Compliance Corner: Learn the difference between CR deviations and violations
Learn the difference between CR deviations and violations
Rate deviations on severity scale
Research organizations often have trouble distinguishing between protocol deviations and violations, and the regulations are little help in making these definitions, an expert says.
"We have different regulations referring to deviations, and yet in another sentence they're calling it 'violations,'" says Linda A. Mottle, MSM-HSA, RN, CCRP, director of the center for health innovation & clinical trials and director of the clinical research management graduate programs at Arizona State University in Phoenix, AZ. Mottle also is an associate clinical professor in the college of nursing and health innovation.

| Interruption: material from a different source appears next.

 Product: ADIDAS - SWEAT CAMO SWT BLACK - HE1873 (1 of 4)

"What has happened is there has been a common benchmark interpretation that's used in industry and accepted by IRBs," Mottle says. "Essentially, a deviation is considered a minor protocol variance that does not affect patient safety or data integrity."

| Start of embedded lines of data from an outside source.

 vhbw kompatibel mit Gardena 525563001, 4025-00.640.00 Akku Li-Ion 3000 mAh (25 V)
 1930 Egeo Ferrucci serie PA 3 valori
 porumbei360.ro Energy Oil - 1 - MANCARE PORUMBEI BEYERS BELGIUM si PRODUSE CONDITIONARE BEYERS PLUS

This creates a scale of severity with a violation, meaning a major deviation that somehow impacts the risk-benefit ratio for the subject and/or data integrity, she explains.
Often, clinical trial sites decide it's better to be overly cautious than risk missing something, so they keep a log of all protocol deviations and how these were handled.

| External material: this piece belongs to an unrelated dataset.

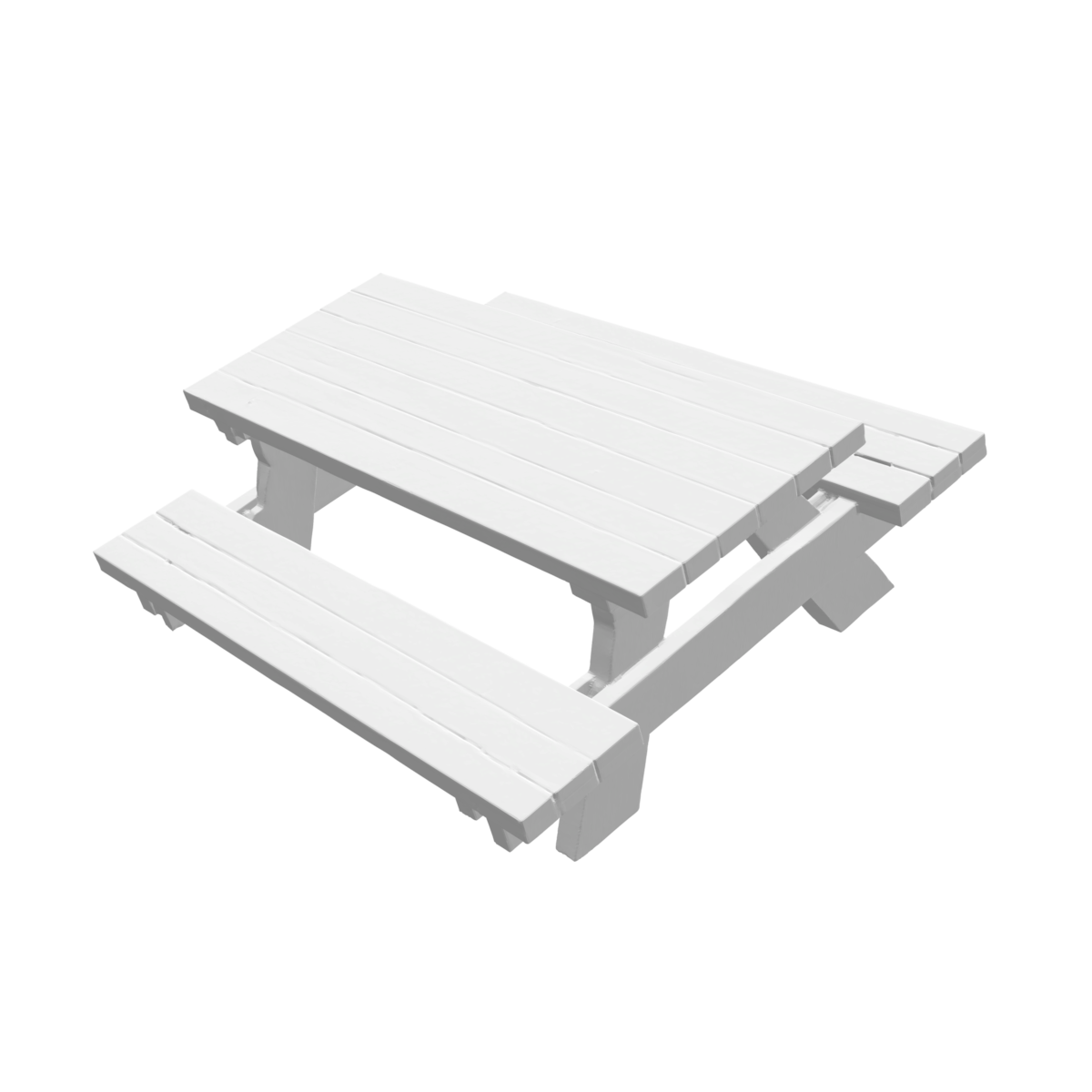 Table de pique nique en bois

But there's a problem with handling deviations in this way, Mottle says.
The biggest issue is that research organizations that require all deviations to be documented and handled are not taking time to weigh the importance of any particular deviation.
Mottle offers this advice on how to handle deviations and violations in the most effective way:
Categorize protocol problems as deviations or violations: "Sites should categorize these reasonably, logically, and ethically as violations or deviations," Mottle says.
To do so, they should keep these parameters always in mind:
- Did this action affect patient safety or the risk-benefit ratio for that participant?
- Did this action affect the study data integrity?
"If it did not impact these, then you know you have a deviation," Mottle says. "If it did, then you possibly have a violation, and you should then look at factors like intent and repeatability."
Develop a severity scale for deviations and violations: There is no magical answer to determining the importance of each deviation, but developing a severity scale will help.
The severity scale would take into account the risk-benefit ratio and data integrity. Any deviation that doesn't impact either would be placed in a low severity category.
For instance, a site's severity scale could define administrative deviations that are non-reoccurring as minor if they also do not impact the risk-benefit ratio and data integrity.
An administrative deviation might be having an incorrect or outdated site phone number listed. This is a deviation, but it does not directly impact patient safety or data integrity, so this deviation is less severe, Mottle says.
In another example, a site might have enrolled a subject who doesn't fully meet inclusion/exclusion criteria.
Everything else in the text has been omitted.